DCIAP investiga “obras inventadas” e “favorecimento dos grupos económicos”
As denúncias foram publicadas, no DN, a 17 de janeiro do ano passado. Quatro meses depois, e após uma Comissão de Inquérito no Parlamento madeirense, o PS entregou uma queixa no Departamento de Investigação e Ação Penal (DIAP) do Funchal. As “obras inventadas”, o “esbanjar de dinheiros” e o “poder” dos empresários que, a “dada altura, começaram a condicionar a governação”, reveladas por antigos governantes de Alberto João Jardim e de Miguel Albuquerque, estão “em investigação no Departamento Central Central de Investigação e Ação Penal”, em Lisboa.
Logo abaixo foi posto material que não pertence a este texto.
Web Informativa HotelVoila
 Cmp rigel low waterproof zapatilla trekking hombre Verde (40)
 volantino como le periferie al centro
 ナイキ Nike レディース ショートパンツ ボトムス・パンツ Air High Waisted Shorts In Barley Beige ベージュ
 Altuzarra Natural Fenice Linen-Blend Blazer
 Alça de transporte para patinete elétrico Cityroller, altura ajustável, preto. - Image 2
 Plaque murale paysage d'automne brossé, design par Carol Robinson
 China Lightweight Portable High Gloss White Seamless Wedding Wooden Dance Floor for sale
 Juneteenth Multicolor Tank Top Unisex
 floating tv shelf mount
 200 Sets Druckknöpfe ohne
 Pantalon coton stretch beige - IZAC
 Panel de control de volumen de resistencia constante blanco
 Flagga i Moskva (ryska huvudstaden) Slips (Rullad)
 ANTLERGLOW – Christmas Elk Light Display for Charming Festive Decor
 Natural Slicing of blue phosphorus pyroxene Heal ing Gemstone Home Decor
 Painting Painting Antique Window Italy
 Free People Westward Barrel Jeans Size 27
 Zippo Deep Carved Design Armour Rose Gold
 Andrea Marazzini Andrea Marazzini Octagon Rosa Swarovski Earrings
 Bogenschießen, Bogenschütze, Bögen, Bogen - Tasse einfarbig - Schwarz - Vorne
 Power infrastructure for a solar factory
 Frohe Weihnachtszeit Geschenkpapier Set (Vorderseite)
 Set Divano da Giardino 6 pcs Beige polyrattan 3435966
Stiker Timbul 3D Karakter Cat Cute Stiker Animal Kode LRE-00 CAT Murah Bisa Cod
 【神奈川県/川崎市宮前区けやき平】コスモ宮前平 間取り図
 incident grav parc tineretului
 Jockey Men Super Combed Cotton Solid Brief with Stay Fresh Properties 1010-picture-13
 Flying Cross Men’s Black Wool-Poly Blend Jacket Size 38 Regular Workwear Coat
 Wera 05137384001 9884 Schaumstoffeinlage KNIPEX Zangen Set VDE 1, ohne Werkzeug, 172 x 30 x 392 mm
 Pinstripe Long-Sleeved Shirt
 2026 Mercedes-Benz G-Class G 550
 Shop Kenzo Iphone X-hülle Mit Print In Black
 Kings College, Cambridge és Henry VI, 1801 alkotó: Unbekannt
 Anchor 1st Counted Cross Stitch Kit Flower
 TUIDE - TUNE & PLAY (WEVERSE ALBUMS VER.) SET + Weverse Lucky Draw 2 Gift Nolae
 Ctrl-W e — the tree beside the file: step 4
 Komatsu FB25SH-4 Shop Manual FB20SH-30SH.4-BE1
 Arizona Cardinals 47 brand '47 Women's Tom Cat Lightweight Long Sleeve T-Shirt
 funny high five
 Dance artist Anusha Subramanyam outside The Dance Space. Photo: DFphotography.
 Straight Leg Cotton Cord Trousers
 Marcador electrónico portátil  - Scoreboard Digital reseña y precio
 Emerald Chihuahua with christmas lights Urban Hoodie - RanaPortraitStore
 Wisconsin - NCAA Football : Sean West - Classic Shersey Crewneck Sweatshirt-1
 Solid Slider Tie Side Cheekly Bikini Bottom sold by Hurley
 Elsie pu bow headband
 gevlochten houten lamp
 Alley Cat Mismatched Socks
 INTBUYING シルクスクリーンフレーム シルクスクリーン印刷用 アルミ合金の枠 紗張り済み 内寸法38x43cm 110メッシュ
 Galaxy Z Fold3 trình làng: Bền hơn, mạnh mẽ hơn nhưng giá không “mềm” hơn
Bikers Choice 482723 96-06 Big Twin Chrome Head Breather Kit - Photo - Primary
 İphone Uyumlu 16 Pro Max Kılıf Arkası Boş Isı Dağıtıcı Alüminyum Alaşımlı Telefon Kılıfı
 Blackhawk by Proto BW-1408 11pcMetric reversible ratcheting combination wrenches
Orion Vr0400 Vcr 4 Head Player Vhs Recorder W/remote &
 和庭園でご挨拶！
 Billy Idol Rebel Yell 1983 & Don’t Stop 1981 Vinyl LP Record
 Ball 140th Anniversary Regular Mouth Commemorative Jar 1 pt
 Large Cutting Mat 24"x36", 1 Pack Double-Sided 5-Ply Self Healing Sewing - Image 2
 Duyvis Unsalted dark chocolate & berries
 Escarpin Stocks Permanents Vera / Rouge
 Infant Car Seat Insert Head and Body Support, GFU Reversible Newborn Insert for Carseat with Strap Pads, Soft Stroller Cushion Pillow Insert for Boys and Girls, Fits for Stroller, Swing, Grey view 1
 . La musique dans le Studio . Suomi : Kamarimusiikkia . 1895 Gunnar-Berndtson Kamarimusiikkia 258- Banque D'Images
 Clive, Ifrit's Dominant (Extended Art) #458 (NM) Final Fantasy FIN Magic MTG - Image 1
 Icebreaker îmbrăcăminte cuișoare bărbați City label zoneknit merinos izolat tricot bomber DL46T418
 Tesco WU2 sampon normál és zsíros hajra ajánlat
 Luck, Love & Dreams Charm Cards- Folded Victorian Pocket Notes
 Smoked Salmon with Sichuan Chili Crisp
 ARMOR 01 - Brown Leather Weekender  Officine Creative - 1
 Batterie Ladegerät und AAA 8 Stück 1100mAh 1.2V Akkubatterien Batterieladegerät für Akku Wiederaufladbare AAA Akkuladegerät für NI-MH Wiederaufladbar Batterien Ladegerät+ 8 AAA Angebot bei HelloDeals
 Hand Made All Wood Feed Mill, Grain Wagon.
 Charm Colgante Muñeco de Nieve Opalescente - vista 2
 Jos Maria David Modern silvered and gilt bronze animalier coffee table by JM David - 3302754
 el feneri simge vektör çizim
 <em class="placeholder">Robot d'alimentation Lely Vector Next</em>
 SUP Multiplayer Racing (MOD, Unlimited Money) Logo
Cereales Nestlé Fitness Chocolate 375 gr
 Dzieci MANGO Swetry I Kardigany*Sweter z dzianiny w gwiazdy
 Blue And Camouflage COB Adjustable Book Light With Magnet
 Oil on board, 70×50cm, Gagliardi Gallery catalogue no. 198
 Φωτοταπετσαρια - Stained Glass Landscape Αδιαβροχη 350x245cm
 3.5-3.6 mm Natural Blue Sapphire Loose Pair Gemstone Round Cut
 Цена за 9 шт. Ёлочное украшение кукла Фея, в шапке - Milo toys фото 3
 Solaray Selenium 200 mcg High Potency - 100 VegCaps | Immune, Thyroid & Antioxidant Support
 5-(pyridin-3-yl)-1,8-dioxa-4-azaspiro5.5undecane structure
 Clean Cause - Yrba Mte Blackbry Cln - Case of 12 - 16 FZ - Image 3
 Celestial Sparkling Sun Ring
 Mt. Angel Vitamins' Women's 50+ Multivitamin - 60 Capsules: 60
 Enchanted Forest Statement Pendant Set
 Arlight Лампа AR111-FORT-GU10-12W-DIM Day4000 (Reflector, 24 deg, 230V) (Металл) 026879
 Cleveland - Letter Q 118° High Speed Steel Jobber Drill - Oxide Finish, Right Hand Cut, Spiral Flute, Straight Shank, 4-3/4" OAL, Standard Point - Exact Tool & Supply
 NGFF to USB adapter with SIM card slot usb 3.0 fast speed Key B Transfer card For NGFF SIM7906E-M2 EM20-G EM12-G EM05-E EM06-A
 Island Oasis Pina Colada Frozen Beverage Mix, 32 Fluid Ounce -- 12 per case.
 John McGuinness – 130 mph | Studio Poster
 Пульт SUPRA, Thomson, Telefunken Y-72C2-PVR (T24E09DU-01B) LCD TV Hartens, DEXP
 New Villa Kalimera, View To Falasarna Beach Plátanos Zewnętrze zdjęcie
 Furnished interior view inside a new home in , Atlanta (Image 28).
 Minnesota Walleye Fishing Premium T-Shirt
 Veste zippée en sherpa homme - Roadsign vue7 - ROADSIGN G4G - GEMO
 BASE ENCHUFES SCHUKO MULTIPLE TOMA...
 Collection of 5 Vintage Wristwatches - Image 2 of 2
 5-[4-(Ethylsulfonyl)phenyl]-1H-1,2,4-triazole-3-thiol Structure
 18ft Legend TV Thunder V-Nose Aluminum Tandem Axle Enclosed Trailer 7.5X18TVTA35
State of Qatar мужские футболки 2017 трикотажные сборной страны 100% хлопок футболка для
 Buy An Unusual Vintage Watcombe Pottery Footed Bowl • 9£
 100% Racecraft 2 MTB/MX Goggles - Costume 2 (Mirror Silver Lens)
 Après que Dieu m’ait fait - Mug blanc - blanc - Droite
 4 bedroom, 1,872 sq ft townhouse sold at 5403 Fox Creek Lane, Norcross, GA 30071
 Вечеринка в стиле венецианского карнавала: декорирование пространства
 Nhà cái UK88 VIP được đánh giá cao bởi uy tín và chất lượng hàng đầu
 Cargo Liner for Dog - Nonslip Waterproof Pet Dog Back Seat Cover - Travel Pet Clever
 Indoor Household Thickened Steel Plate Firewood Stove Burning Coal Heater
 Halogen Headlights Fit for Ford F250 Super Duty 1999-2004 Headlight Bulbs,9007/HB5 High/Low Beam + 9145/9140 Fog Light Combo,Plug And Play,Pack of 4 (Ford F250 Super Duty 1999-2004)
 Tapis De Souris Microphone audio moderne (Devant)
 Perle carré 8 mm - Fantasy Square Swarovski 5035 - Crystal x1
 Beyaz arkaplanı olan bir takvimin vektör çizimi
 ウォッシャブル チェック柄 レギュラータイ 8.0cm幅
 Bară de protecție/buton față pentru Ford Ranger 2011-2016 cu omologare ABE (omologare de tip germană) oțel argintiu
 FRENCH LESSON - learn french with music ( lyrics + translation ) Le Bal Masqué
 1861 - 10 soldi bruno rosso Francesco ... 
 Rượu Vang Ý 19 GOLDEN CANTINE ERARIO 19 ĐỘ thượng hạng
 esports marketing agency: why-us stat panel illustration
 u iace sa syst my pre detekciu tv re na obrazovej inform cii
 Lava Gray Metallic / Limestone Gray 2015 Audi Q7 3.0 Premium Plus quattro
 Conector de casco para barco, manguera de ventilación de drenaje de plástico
O PS, na documentação enviada ao MP, 72 páginas da denúncia e 8 documentos anexos, identificou 12 alvos.
Seis alvos por “abuso de poder” ou “crime de desobediência”: Miguel Albuquerque (presidente do Governo Regional da Madeira), Pedro Calado (presidente da Câmara do Funchal e ex-vice de Albuquerque), Jorge Carvalho (secretário Regional de Educação, Ciência e Tecnologia), Eduardo Jesus (secretário Regional de Turismo e Cultura), Susana Prada (secretária Regional de Ambiente, Recursos Naturais e Alterações Climáticas) e a própria Presidência do Governo Regional da Madeira; um por ter ocultado “interesses empresariais”: Adolfo Brazão (que foi presidente da Comissão de Inquérito às “obras inventadas”); três alvos por obtenção de “favorecimento”: Luís Miguel Sousa (Grupo Sousa), Avelino Farinha (Grupo AFA) e Dionísio Pestana (Grupo Pestana); um por “influência”: Jaime Ramos (antigo líder parlamentar e secretário-geral do PSD-Madeira); e depois uma denúncia contra “incertos”.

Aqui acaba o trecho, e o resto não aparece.